*** Data extracts ***

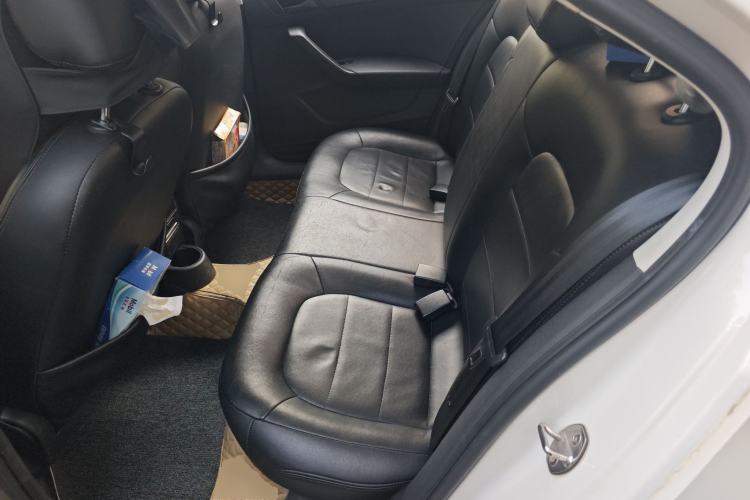 Used Volkswagen Santana 2016 1.6L Automatic Fashion Edition
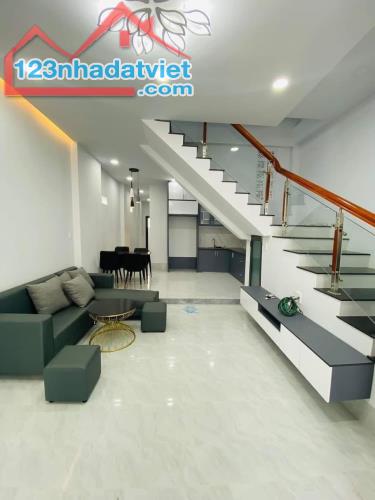 BÁN GẤP NHÀ HOÀI THANH QUẬN 8 ĐI ĐỊNH CƯ - 56m2 - GIÁ CHỈ NHỈNH 2 TỶ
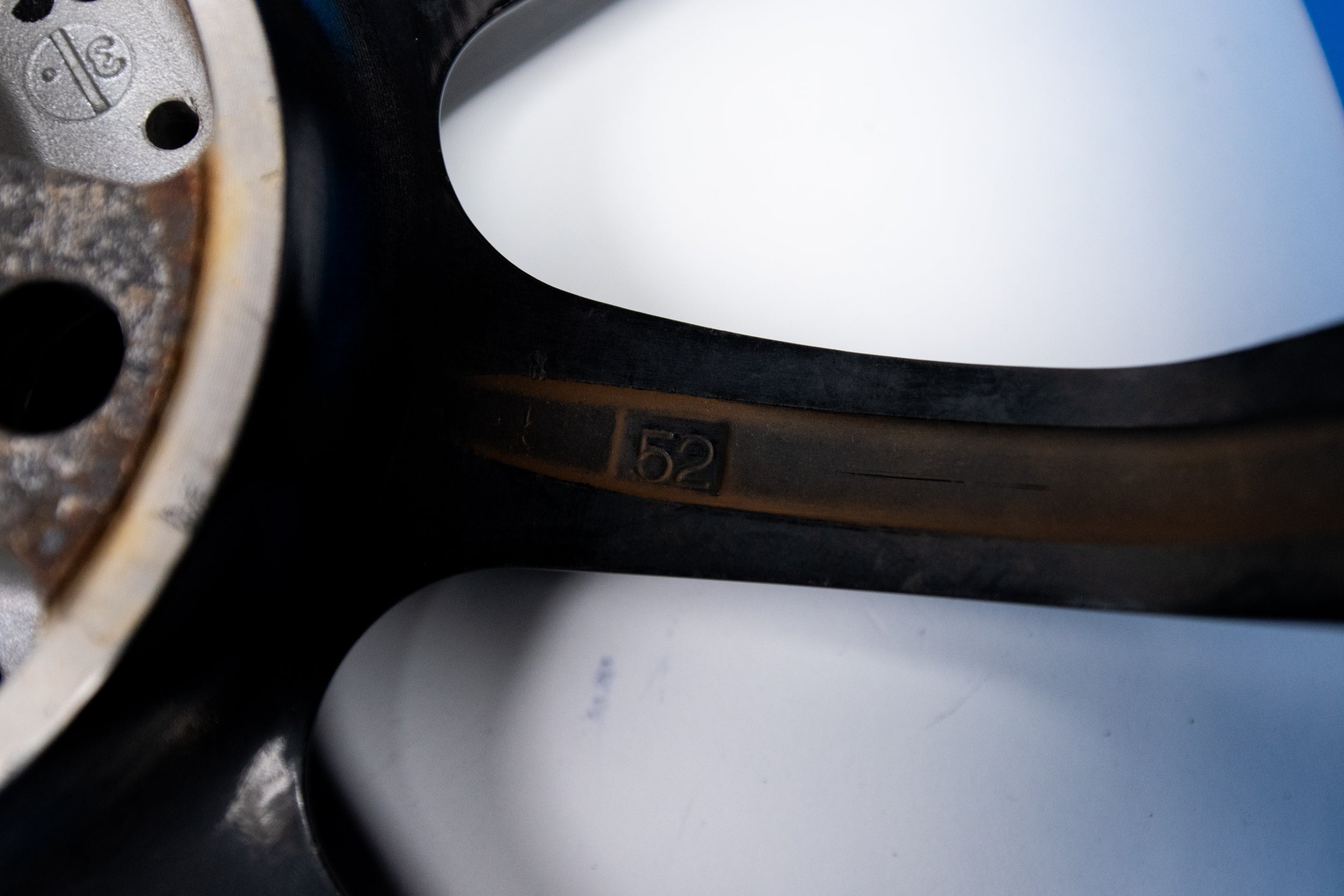 Rays Gramlights 57 Gainer 16インチ 6.5J +52 (4x100) – GET Japan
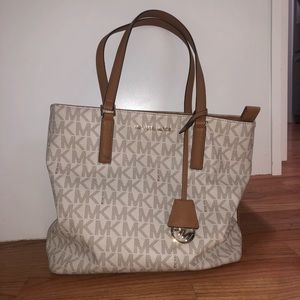 Michael Kors Tote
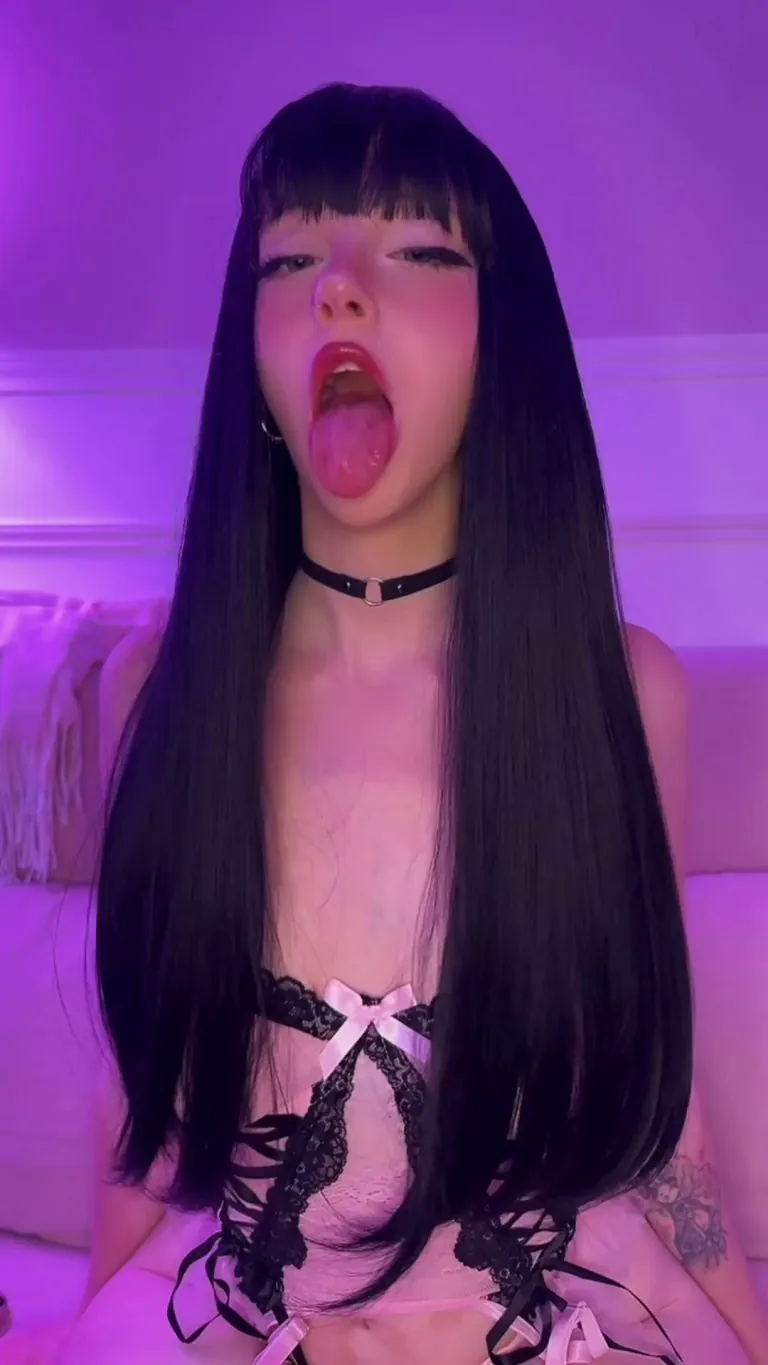 I bet I can deepthroat you easyy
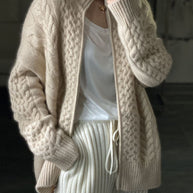 WW | Strickjacke mit hohem Halsausschnitt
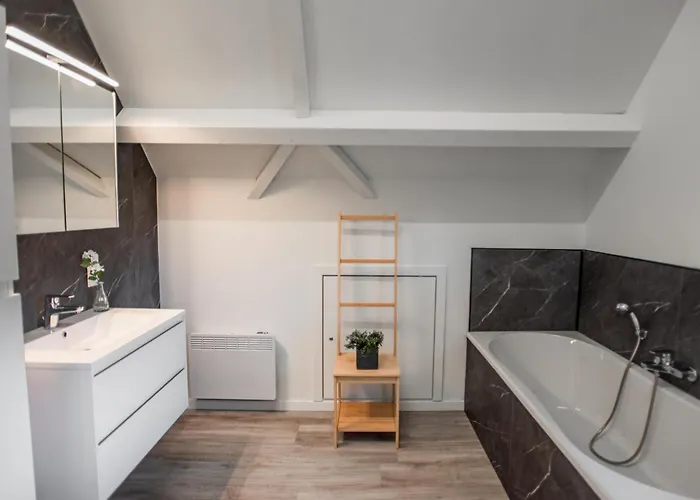 Le Bleu 22 度假居 *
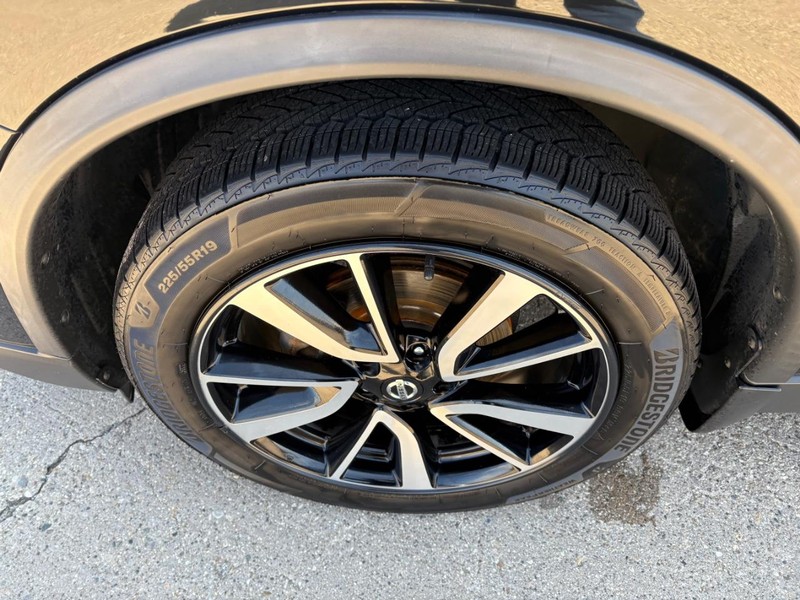 Nissan Rogue Vehicle Full-screen Gallery Image 22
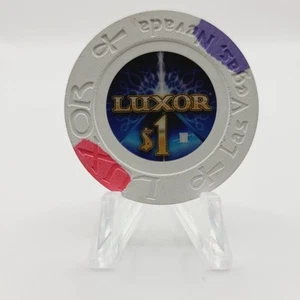 Luxor Hotel Casino Las Vegas Nevada 2010 $1 Casino Chip E9469 - Picture 1 of 3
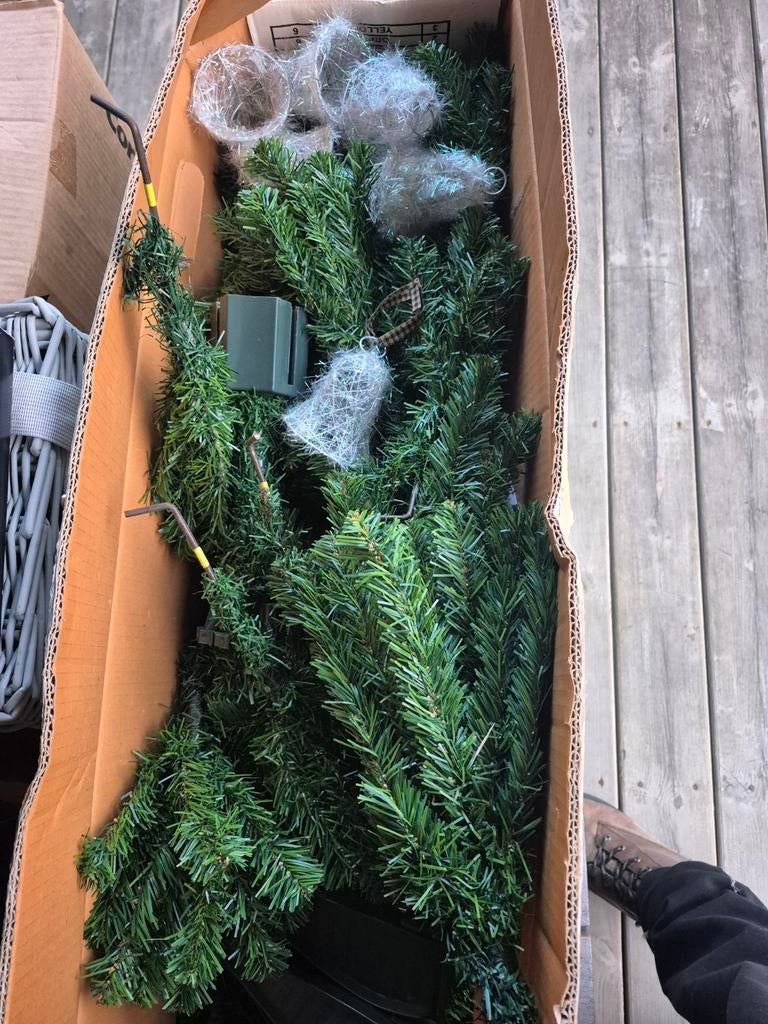 Kunststof kerstboom met accessoires, Huis en Inrichting, Ophalen of Verzenden, Zo goed als nieuw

*** End of Data extracts ***

Task objective:
Write out the records in full and exactly, omitting the pictures they hold.

Response to the task:
 Used Volkswagen Santana 2016 1.6L Automatic Fashion Edition
 BÁN GẤP NHÀ HOÀI THANH QUẬN 8 ĐI ĐỊNH CƯ - 56m2 - GIÁ CHỈ NHỈNH 2 TỶ
 Rays Gramlights 57 Gainer 16インチ 6.5J +52 (4x100) – GET Japan
 Michael Kors Tote
 I bet I can deepthroat you easyy
 WW | Strickjacke mit hohem Halsausschnitt
 Le Bleu 22 度假居 *
 Nissan Rogue Vehicle Full-screen Gallery Image 22
 Luxor Hotel Casino Las Vegas Nevada 2010 $1 Casino Chip E9469 - Picture 1 of 3
 Kunststof kerstboom met accessoires, Huis en Inrichting, Ophalen of Verzenden, Zo goed als nieuw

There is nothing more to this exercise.